February is Black History Month here in the U.S., and R. and I have been further learning from a 10-hour, 47-minute course divided into 54 lessons, “Black History, Black Freedom, and Black Love: Lessons from Influential Black Voices,” which MasterClass is offering free during February. (The series is also available through Amazon Prime and on IMDb TV.) MasterClass describes the course as, “Seven preeminent Black thought leaders share their insight on the reckoning with race in America in three parts: past, present, and future.” Although I’m versed enough in our nation’s racism not to be shocked by a reexamination of various incidents, they still disturb and compel; some lessons are preceded with warnings about offensive or triggering language or images.

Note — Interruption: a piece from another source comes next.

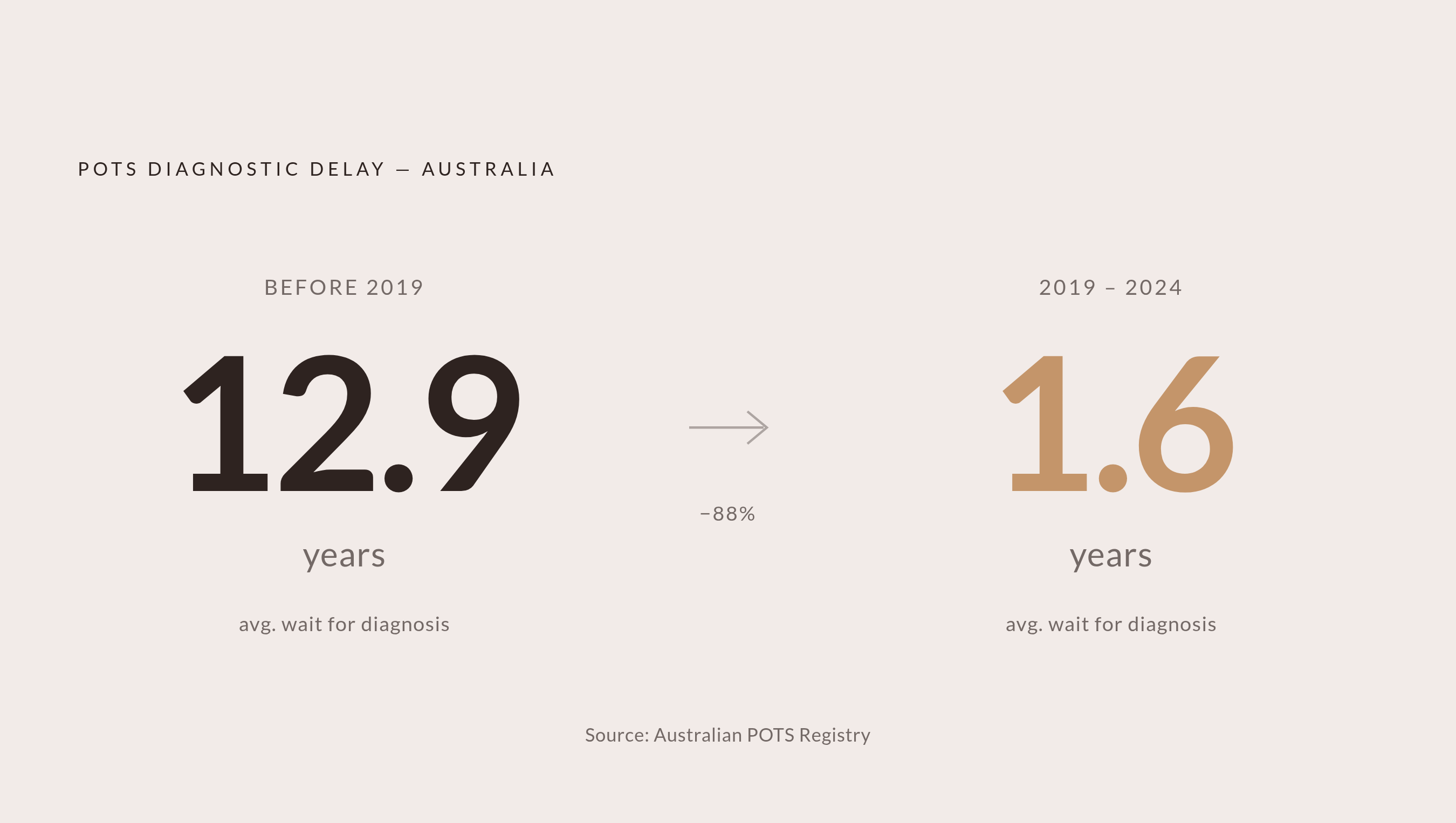 Diagram: The Diagnostic Delay: Then vs. Now. Visualizes: Show the dramatic compression in POTS diagnostic delay over time using two contrasting figures from the Australian POTS Registry: patients diagnosed before 2019 waited an average of 12.9…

But the course refrains from even a hint of sensationalism and affords the experts/intellectuals/activists who speak the opportunity to explore the broad strokes, the nuance, and the depth of various issues from their range of perspectives. Every leader speaks individually, directly into the camera, maintaining eye contact with us as viewers. There aren’t the arguments, interruptions, distractions, tangents, hilarity, or mockery of any kind of group discussion produced for entertainment/“news”; no one rants; instead, the course is a deeply civil and serious process of the leaders speaking from a place of expertise, lived experience, and urgency—and our listening.
 
Perhaps even more expanding for me than the leaders’ informed, reasoned, and passionate arguments are the snippets of home movie footage that supplement some lessons. Entirely centered in the Black American experience, these visuals were filmed spontaneously and casually by Black Americans of their own Black family members and friends having ordinary life experiences, happy human gatherings—a cluster in a kitchen, meals, parties, opening the door of the new car, parents holding hands and walking ahead (shot from a child’s low, rear angle and at a wobble)—usually absent of anyone but Black people. These intimate documents were filmed by Black people themselves—adults and children—for themselves, at the moments of the happenings, without the original intention of being available to a white gaze. As a white woman, I cannot be present in an entirely Black space; even if I were the only white person there, the environment might still not allow the Black people around me the freedom they would otherwise feel. And although I have sought out Black-centered films, there is, of course, a staging in those stories. In this course on MasterClass, we as viewers are honored with these expressions of unselfconscious, unmitigated Black joy and love.